Sorry about my previous reply, I thought you wanted to process only all the row keys in CF.

I have a similar issue as Martin because I see myself being forced to hit more than a million rows with a query (I only get a few columns from every row). Aaron, we've talked about this in another thread, basically I am constrained to ship out a window of data from my online cluster to an offline cluster. For this I need to read for example 5 min window of all the data I have. This simply accesses too many rows and I am hitting the I/O limit on the nodes. As I understand for every row it will do 2 random disk seeks (I have no caches).

My question is, what can I do to improve the performance of shipping windows of data entirely out?

Martin, did you use Hadoop as Aaron suggested? How did that work with Cassandra? I don't understand how accessing 1 million of rows through map reduce jobs be any faster?


On Tue, Feb 14, 2012 at 10:00 AM, aaron morton <aaron@thelastpickle.com> wrote:
If you want to process 1 million rows use Hadoop with Hive or Pig. If you use Hadoop you are not doing things in real time. 

You may need to rephrase the problem. 


Aaron Morton
Freelance Developer

On 14/02/2012, at 11:00 AM, Martin Arrowsmith wrote:

Hi Experts,

My program is such that it queries all keys on Cassandra. I want to do this as quick as possible, in order to get as close to real-time as possible.
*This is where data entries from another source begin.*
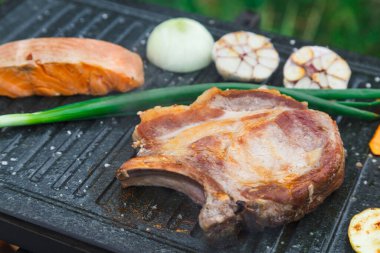 Izgarada çiğ et ve balık bifteği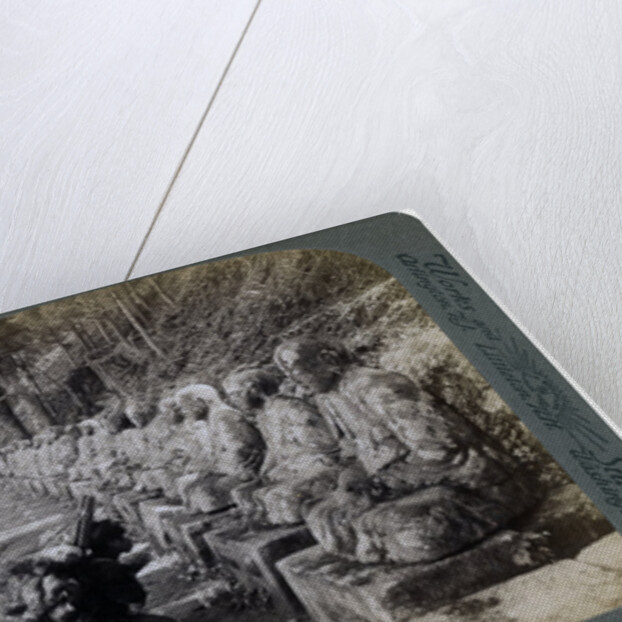 Peasant praying before a row of statues of the God of Light, Daiya river, Nikko, Japan by Underwood & Underwood
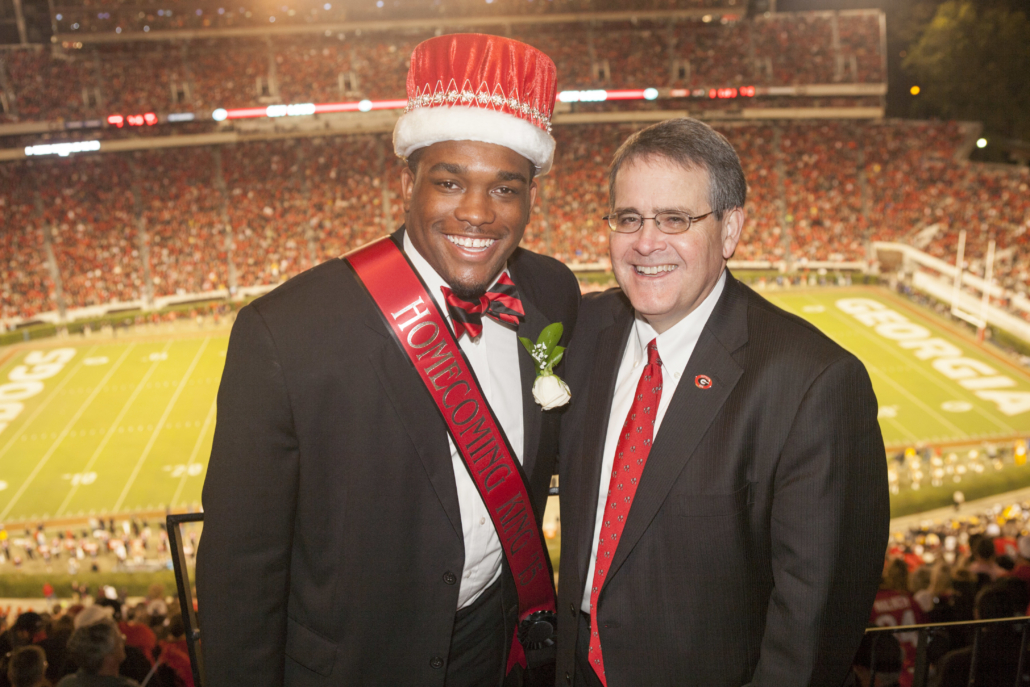 Johnelle Simpson stands with UGA President Jere W. Morehead after being voted UGA Homecoming King in 2015.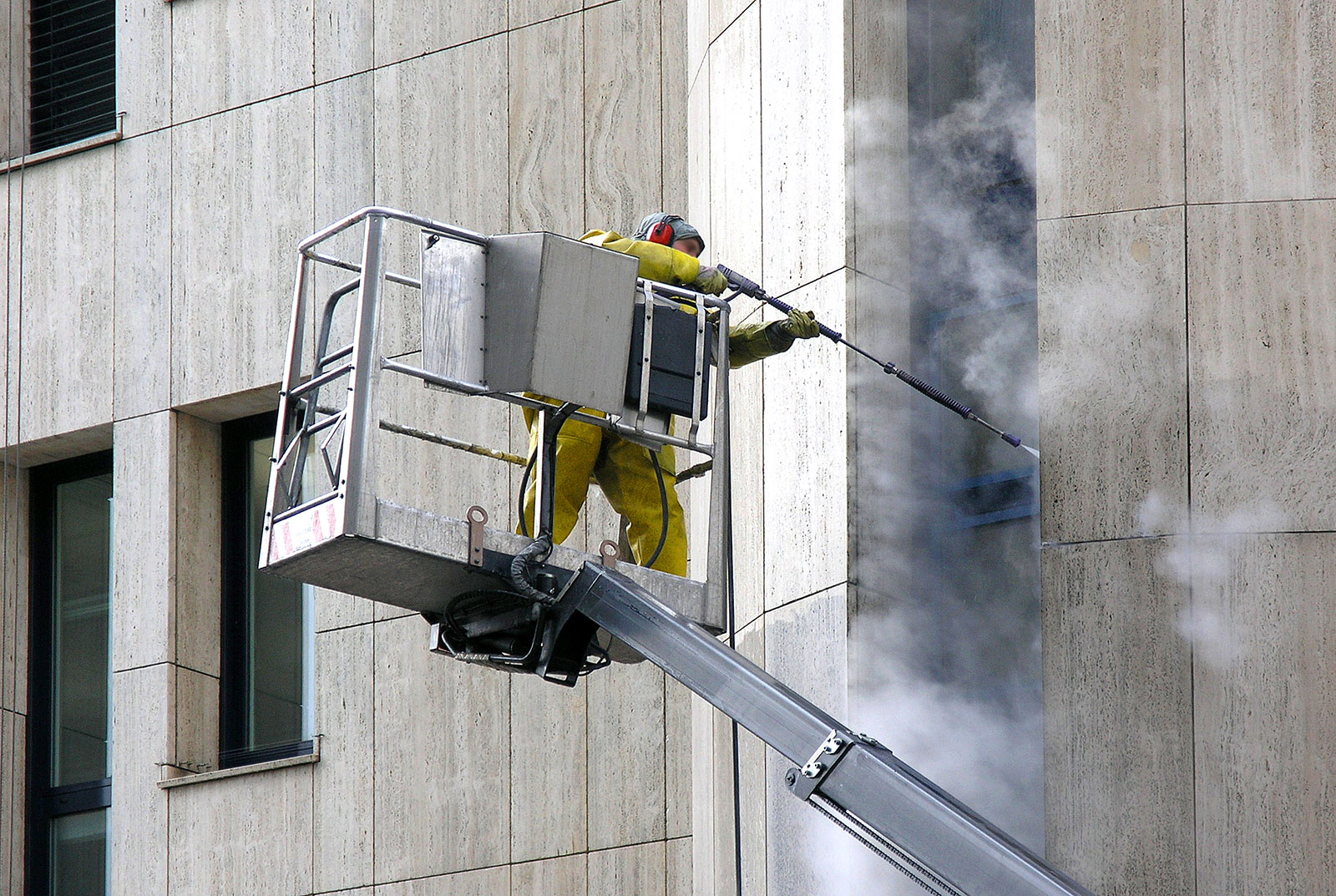 Mitarbeiter von HSG Gebäudeservice reinigt auf einer Hebebühne eine Fassade.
One solution I heard was to use the sstables2json tool, and read the data in as JSON. I understand that reading from each line in Cassandra might take longer.

Are there any other ideas for doing this ? Or can you confirm that sstables2json is the way to go.

Querying 100 rows in Cassandra the normal way is fast enough. I'd like to query a million rows, do some calculations on them, and spit out the result like it's real time.

Thanks for any help you can give,